▶ [Exercise objective] From the line with "COLLUSION PLUS shirred" through the line with "Xeabia Plastic Cube", repeat the entries verbatim, both end lines included, and add nothing.

Collection entries:
- Opening Delimiter -

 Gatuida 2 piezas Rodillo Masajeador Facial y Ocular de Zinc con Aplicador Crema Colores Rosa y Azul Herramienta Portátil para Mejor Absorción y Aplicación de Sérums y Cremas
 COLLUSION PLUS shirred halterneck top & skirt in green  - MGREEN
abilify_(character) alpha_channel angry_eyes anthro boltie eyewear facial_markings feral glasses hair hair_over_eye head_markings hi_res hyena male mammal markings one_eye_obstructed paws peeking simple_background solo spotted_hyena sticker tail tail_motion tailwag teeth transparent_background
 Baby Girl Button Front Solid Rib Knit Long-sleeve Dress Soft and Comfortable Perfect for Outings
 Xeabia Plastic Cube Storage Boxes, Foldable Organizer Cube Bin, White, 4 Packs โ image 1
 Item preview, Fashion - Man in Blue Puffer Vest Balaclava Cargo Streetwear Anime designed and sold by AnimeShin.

- Closing Delimiter -
- Opening Delimiter -

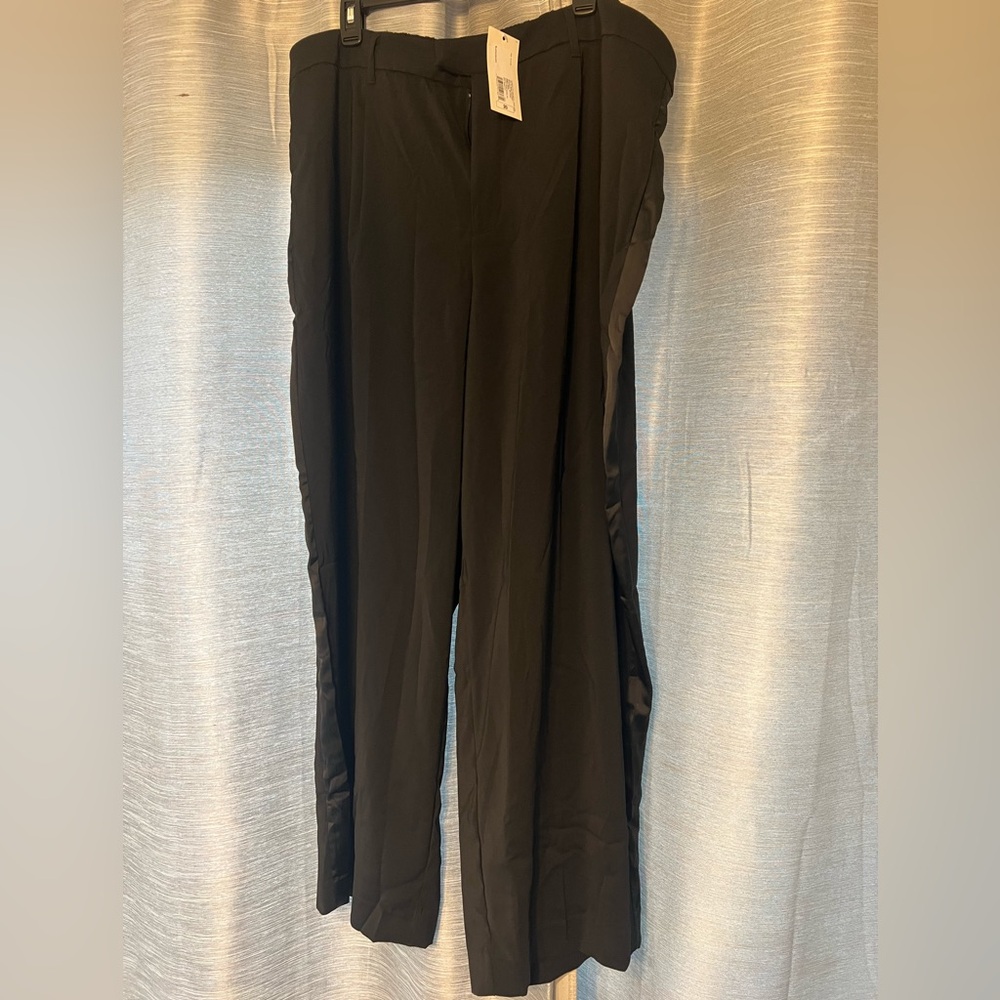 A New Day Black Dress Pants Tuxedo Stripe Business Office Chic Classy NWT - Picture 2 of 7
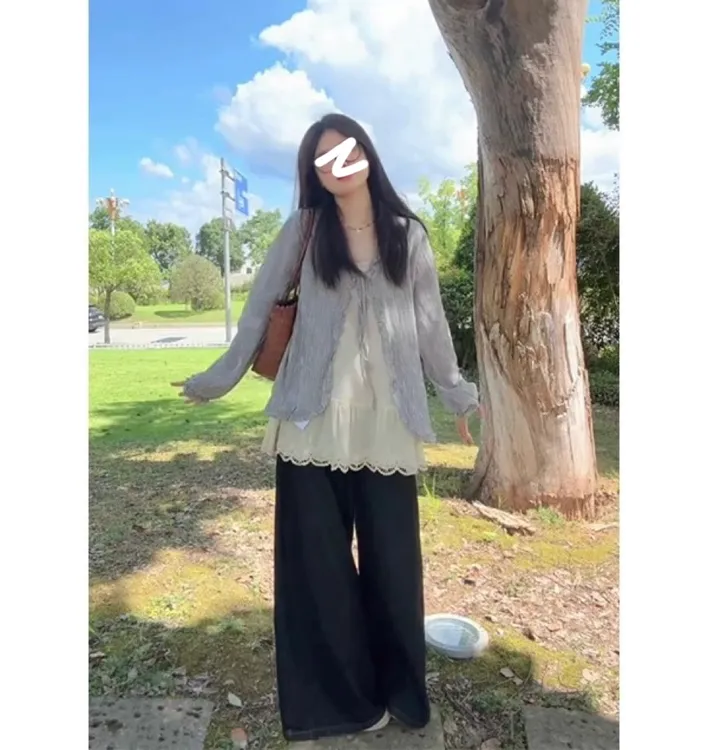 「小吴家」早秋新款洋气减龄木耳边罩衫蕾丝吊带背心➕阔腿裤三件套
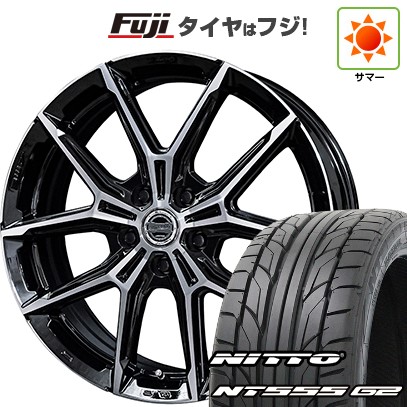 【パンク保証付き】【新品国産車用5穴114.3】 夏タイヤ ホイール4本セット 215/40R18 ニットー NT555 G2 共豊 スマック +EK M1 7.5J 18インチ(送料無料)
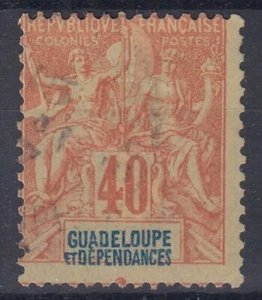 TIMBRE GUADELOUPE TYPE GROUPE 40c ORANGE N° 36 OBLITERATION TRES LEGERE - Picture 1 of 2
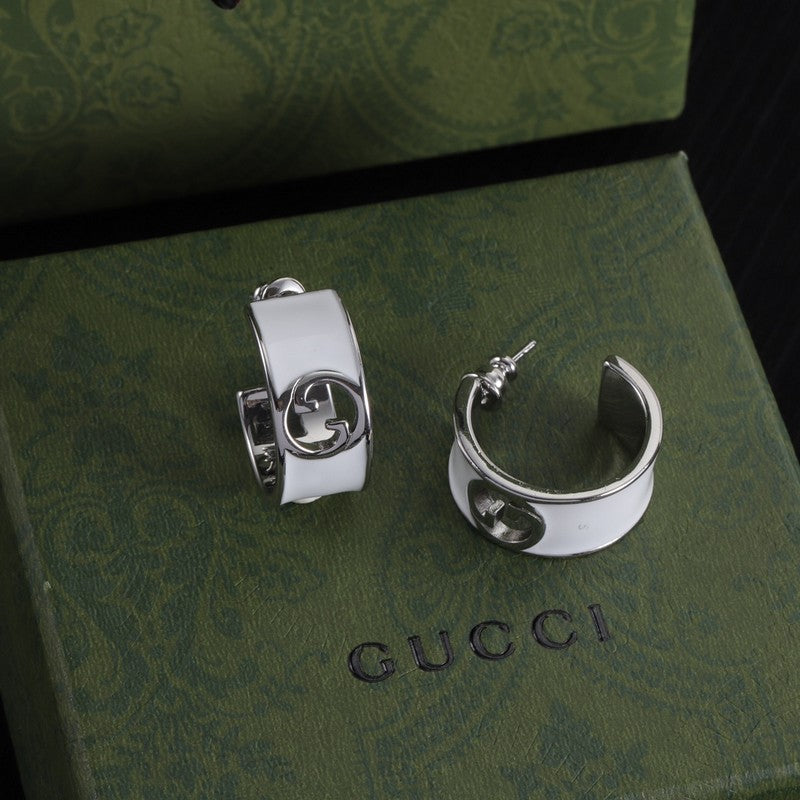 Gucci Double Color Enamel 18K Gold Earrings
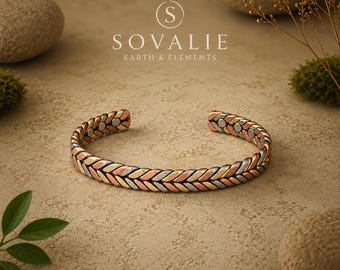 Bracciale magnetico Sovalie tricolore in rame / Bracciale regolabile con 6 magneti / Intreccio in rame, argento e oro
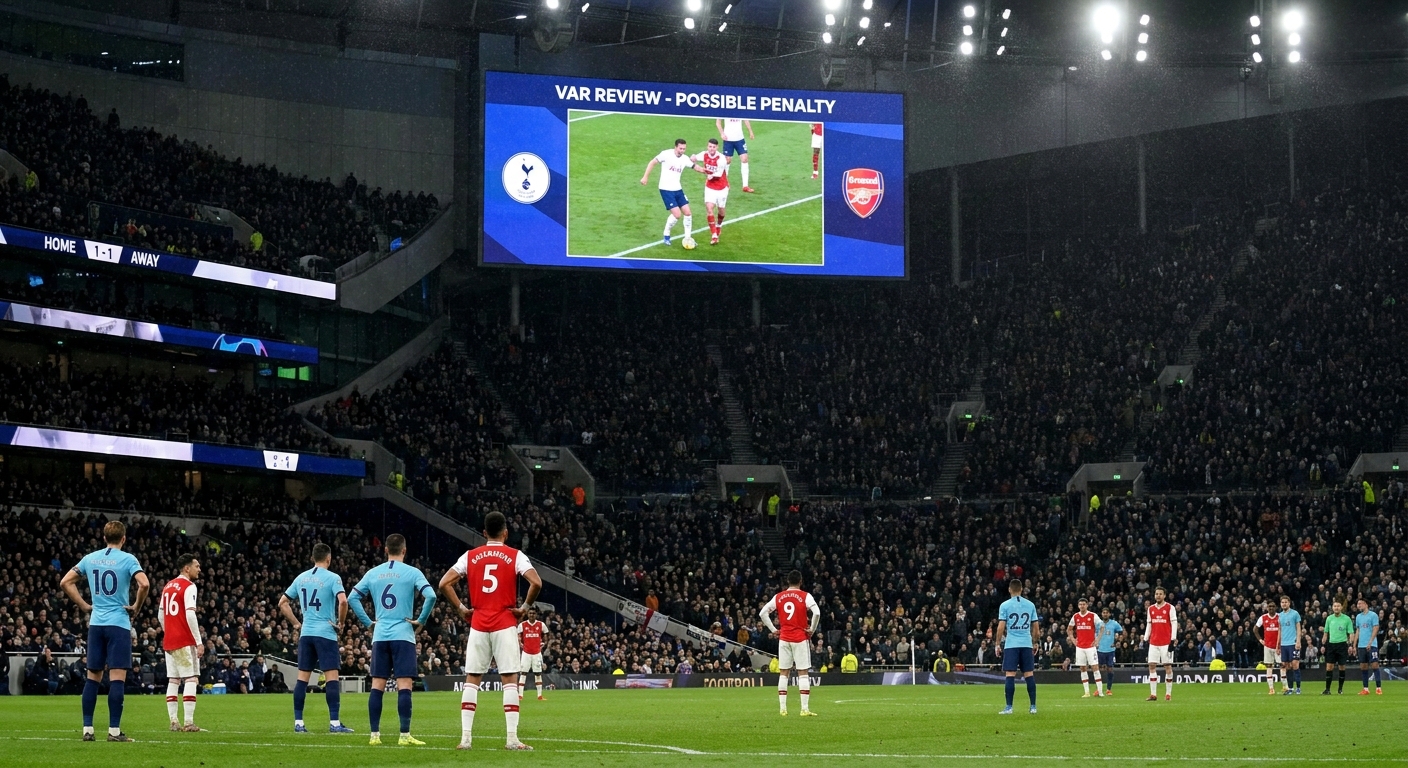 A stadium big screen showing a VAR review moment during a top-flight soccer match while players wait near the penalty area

- Closing Delimiter -

▶ [Written solution]
 COLLUSION PLUS shirred halterneck top & skirt in green  - MGREEN
abilify_(character) alpha_channel angry_eyes anthro boltie eyewear facial_markings feral glasses hair hair_over_eye head_markings hi_res hyena male mammal markings one_eye_obstructed paws peeking simple_background solo spotted_hyena sticker tail tail_motion tailwag teeth transparent_background
 Baby Girl Button Front Solid Rib Knit Long-sleeve Dress Soft and Comfortable Perfect for Outings
 Xeabia Plastic Cube Storage Boxes, Foldable Organizer Cube Bin, White, 4 Packs โ image 1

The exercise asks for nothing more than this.